Dataset excerpts:
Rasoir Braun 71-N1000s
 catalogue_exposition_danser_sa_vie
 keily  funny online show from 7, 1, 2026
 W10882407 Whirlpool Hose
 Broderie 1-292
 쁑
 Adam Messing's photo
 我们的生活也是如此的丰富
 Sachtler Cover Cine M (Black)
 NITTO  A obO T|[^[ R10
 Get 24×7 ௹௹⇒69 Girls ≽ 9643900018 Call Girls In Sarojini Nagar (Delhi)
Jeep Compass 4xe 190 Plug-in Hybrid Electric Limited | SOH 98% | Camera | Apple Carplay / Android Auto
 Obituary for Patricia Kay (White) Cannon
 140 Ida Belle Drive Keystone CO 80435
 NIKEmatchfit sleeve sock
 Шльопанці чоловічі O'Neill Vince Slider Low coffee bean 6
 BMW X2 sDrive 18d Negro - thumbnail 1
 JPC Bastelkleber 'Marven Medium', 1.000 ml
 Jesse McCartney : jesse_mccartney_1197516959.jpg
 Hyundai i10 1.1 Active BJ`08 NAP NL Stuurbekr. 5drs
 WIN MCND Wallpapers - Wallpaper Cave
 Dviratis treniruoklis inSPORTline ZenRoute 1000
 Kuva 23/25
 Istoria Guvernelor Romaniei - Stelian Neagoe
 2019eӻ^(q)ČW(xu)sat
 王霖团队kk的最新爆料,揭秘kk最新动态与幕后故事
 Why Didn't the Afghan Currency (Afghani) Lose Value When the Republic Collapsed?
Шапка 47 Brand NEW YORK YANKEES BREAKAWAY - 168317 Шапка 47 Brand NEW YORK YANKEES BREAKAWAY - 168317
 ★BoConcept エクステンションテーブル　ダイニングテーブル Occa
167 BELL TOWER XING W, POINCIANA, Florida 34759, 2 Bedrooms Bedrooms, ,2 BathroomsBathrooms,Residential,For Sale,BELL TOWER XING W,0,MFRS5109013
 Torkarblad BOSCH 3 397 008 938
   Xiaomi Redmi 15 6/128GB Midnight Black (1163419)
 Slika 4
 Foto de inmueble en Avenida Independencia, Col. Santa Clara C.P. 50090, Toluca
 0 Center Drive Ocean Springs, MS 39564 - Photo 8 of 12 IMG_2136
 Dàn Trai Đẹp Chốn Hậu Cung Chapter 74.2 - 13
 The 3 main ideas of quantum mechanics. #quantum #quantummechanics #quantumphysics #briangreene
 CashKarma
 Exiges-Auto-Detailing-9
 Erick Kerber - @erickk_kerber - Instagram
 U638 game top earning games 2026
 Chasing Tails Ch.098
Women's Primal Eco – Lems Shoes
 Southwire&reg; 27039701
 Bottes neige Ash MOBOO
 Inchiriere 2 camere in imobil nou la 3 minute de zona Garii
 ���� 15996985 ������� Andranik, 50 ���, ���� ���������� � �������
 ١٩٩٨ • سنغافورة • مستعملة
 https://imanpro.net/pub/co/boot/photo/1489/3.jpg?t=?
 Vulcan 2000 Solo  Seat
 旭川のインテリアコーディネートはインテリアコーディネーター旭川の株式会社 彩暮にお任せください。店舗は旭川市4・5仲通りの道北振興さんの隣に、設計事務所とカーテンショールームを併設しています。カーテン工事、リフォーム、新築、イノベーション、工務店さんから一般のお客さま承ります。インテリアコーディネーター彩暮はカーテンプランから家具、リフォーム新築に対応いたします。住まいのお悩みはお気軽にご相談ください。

* [THE TASK]:
All lines from the one containing "Vulcan 2000 Solo" to the end of the records are to be duplicated exactly, and no other lines are to be given.

* [SOLVED PROBLEM]:
 Vulcan 2000 Solo  Seat
 旭川のインテリアコーディネートはインテリアコーディネーター旭川の株式会社 彩暮にお任せください。店舗は旭川市4・5仲通りの道北振興さんの隣に、設計事務所とカーテンショールームを併設しています。カーテン工事、リフォーム、新築、イノベーション、工務店さんから一般のお客さま承ります。インテリアコーディネーター彩暮はカーテンプランから家具、リフォーム新築に対応いたします。住まいのお悩みはお気軽にご相談ください。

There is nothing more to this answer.